To demonstrate this point in a more practical manner, we will assume a proposition and verify this proposition by figures.

Judging from the present local business now done on the several roads—forming what is anticipated as the Tunnel line, and the testimony of eminent railroad men of the business that is sure to come to this great through route to the West—it is fair to assume that the whole will do a business that will average six millions a year for the first five years; twenty-five per cent. of the gross earnings of the leased roads, and property are reserved to provide for settlement of the conditions of the said leases; and as they are not guaranteed the payment of any amount beyond what their present business pays, can there be any doubt but what the twenty-five per cent. on the increased business will pay the six per cent. interest on the capital loaned to increase the facilities for extending the business over the line?

The Railroad Commissioners report that the average expenses of all the railroads of the Commonwealth is seventy-five per cent. of their gross earnings; but there is no doubt but what it can be proved that it cost less than seventy per cent. on the great trunk lines, and one of the oldest and most successful railroad managers assured me that this Tunnel line could be run for sixty per cent., but we will call it seventy per cent., which makes with the twenty-five per cent. ninety-five per cent., leaving five per cent. for net profit on the whole business of six millions, which is $300,000. What next? We have for the credit of the corporation or State, twenty-five per cent. of the gross earnings of the business done on the Troy and Greenfield Railroad and through the Tunnel. Calling the Tunnel twenty-three miles in length,—which it is conceded it should be called for what it saves in distance and grades,—and with the Troy and Greenfield Railroad, which is forty-four miles, we have one-third of the whole distance, and it is the judgment of practical railroad men that out of the six millions of business, two millions would pass over this division and through the Tunnel; and twenty-five per cent. on two millions is $500,000 income, which, added to the $300,000, gives a net income of $800,000 to the State, which is nearly six per cent. on thirteen and one-half millions, the cost of the Tunnel and Troy and Greenfield Railroad, with an additional expenditure of one and one-half millions needed to make this division of the route what it should be as a part of the great through line.
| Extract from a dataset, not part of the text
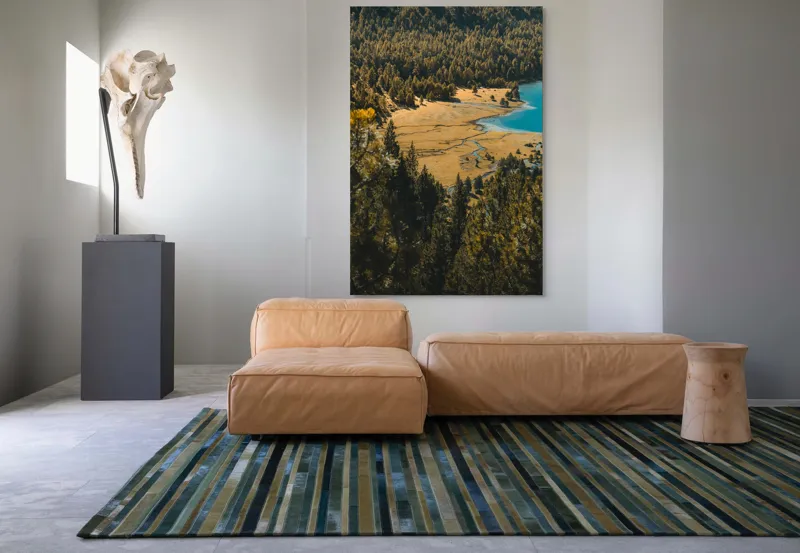 Tablou Canvas, "Pădurea tăcută lângă lac albastru", Pădure, Lac, Toamnă, Munți, Peisaj, Apă, Natură, Culori, Râu, Lumină, 100 x 150 cm – poza 7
In proportion as the business increases, in that same proportion will the profits increase, and when the business shall amount to ten millions, which I have no doubt it will in less than ten years, you create a fund over and above the interest on the whole cost that can be used for extinguishing the debt, purchasing the stock of the leased roads, as the value is fixed by the terms of the lease, or for the reduction of rates of fares and freights. If this proposition will not bear investigation, pray tell me how the stockholders of the consolidated corporations are to receive dividends on their watered stock, with increased cost of improvements of the line, and equipment for doing the same business.

THE ALLEGED DANGER OF POLITICAL CORRUPTION.
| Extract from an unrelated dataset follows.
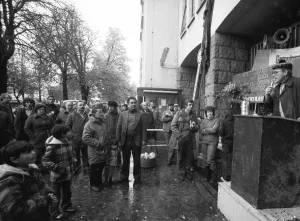 Workers at Vereinigte Deutsche Metallwerke AG (VDM)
A chief argument against the system proposed is the danger of political corruption likely to follow the employment of a large number of men in public business.
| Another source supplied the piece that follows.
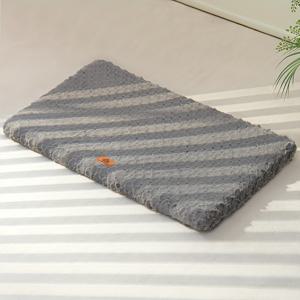 TEMU 1개 두꺼운 & 확대된 강아지 침대 패드 - 겨울 따뜻함, 미끄럼 방지 바닥, 플러시 바닥이 있는 세탁 가능한 애완동물 매트 - 대형, 중형, 소형견용 헤비듀티 쿠션 - 실내/외부 사용 가능 - 쉬운 청소 애완동물 침구, 개용 침대, 실내 애완동물 편안함, 질감 표면, 내구성 있는 애완동물 제품, 고품질 패딩, 대형/중형 개용 침대, 개 액세서리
Second.—It is alleged that the public management of any great public service is less efficient than private management.

The purpose of the minority of the Committee in proposing their plan, was to provide a corporate body removed as far as possible from political influence.

The State Trustees are appointed by the Governor and Council. They are appointed for five years. A single vacancy occurs each year. They hold nearly the same position in regard to the operatives employed ill the operation of the corporation, as directors of corporations, and no one ever heard of directors exerting any great political influence, particularly State directors. I doubt if any director of any railroad corporation in the State ever knew or thought to influence the political vote of an operative.

If they choose, the managers of any private corporation could exert a greater and more injurious political influence than these State trustees.